# Naming Frogs?



## jbherpin (Oct 16, 2009)

Does anyone name their frogs? I do, and was hoping people would share the names and a pic of the frog? I will start with my Fav frog, "*Steiner*" a Tinc(Cobalt).

JBear


----------



## jbherpin (Oct 16, 2009)

Here is "*Vit[t]ali*", and "*Vittamir*"!

JBear


----------



## camlov2 (Dec 8, 2010)

I have only "named" four of my frogs and that was because I wasn't sure they were all still alive. I started looking at the patterns on their backs and described them by what I saw, Spot, Stripe, Small peanut, large peanut. I thought for sure I had lost a couple because Small peanut was the only one I saw for about a month. 

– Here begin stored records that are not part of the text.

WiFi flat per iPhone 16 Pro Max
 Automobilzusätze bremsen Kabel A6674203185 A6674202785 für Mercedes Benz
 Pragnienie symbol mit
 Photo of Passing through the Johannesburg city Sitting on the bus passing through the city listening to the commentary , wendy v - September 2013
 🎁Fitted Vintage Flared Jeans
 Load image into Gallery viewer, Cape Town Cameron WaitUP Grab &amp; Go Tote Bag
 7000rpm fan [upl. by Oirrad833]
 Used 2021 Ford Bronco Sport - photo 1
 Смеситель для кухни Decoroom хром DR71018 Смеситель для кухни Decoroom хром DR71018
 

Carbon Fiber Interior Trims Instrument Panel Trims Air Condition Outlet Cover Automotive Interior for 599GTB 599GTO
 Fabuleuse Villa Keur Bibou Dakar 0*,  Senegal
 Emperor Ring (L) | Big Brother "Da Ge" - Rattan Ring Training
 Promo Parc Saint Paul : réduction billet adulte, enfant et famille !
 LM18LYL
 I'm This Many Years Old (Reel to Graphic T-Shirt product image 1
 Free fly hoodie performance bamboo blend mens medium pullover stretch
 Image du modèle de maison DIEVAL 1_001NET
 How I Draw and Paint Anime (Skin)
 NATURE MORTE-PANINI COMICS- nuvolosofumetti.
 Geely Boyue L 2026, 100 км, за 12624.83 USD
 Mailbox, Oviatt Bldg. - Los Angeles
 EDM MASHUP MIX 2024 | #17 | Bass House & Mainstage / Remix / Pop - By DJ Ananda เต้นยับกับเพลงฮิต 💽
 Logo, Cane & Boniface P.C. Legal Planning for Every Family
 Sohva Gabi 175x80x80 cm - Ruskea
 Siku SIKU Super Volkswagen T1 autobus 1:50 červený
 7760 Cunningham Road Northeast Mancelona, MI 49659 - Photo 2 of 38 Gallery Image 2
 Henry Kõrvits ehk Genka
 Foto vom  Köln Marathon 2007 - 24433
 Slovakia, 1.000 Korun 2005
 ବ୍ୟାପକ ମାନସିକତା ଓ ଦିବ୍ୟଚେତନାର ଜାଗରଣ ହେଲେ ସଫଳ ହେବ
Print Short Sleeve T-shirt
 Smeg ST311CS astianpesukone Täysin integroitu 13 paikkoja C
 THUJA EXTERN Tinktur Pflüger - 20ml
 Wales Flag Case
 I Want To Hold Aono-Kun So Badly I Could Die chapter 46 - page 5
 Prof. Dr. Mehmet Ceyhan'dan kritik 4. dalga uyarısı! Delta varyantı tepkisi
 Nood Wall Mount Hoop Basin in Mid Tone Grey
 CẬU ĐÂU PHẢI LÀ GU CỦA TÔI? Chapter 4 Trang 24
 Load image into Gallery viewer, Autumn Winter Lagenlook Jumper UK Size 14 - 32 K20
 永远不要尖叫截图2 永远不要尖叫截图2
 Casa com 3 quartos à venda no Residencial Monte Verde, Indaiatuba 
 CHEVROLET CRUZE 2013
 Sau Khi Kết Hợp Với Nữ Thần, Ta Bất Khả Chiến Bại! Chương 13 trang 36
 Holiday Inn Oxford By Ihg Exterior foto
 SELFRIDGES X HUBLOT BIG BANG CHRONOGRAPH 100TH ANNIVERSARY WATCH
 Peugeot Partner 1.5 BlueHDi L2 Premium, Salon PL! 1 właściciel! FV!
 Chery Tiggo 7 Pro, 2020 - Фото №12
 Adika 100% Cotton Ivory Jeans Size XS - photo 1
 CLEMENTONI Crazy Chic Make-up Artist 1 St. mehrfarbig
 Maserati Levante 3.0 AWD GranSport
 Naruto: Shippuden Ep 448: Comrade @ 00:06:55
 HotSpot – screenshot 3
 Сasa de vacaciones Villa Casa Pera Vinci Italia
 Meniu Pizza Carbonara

btw, small peanut is not small at all, it is first to the food every day.


----------



## jbherpin (Oct 16, 2009)

camlov2 said:


> I have only "named" four of my frogs and that was because I wasn't sure they were all still alive. I started looking at the patterns on their backs and described them by what I saw, Spot, Stripe, Small peanut, large peanut. I thought for sure I had lost a couple because Small peanut was the only one I saw for about a month.
> 
> btw, small peanut is not small at all, it is first to the food every day.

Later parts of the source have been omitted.